> **Data under study**

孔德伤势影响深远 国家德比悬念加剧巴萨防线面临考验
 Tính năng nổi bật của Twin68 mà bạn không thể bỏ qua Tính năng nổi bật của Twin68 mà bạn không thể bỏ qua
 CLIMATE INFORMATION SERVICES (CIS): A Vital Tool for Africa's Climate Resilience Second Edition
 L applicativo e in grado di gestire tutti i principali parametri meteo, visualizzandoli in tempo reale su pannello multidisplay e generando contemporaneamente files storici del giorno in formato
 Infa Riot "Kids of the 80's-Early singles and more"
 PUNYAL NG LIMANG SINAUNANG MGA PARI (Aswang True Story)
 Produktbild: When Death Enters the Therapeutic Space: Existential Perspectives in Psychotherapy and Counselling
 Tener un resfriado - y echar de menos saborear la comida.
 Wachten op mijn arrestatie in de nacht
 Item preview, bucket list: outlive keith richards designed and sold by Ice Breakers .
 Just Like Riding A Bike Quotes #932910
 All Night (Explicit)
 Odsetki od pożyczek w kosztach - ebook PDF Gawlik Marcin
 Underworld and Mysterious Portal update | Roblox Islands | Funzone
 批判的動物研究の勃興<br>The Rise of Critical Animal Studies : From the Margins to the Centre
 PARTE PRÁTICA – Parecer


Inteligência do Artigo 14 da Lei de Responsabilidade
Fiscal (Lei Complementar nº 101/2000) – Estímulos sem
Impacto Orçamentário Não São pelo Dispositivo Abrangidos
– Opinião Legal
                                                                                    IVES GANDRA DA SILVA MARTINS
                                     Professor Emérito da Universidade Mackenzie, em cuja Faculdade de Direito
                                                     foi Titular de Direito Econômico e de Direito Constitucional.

> **Task statement**
Wherever the string "Direito" appears in a line of the records above, copy that line.

> **The completed task**
                                     Professor Emérito da Universidade Mackenzie, em cuja Faculdade de Direito
                                                     foi Titular de Direito Econômico e de Direito Constitucional.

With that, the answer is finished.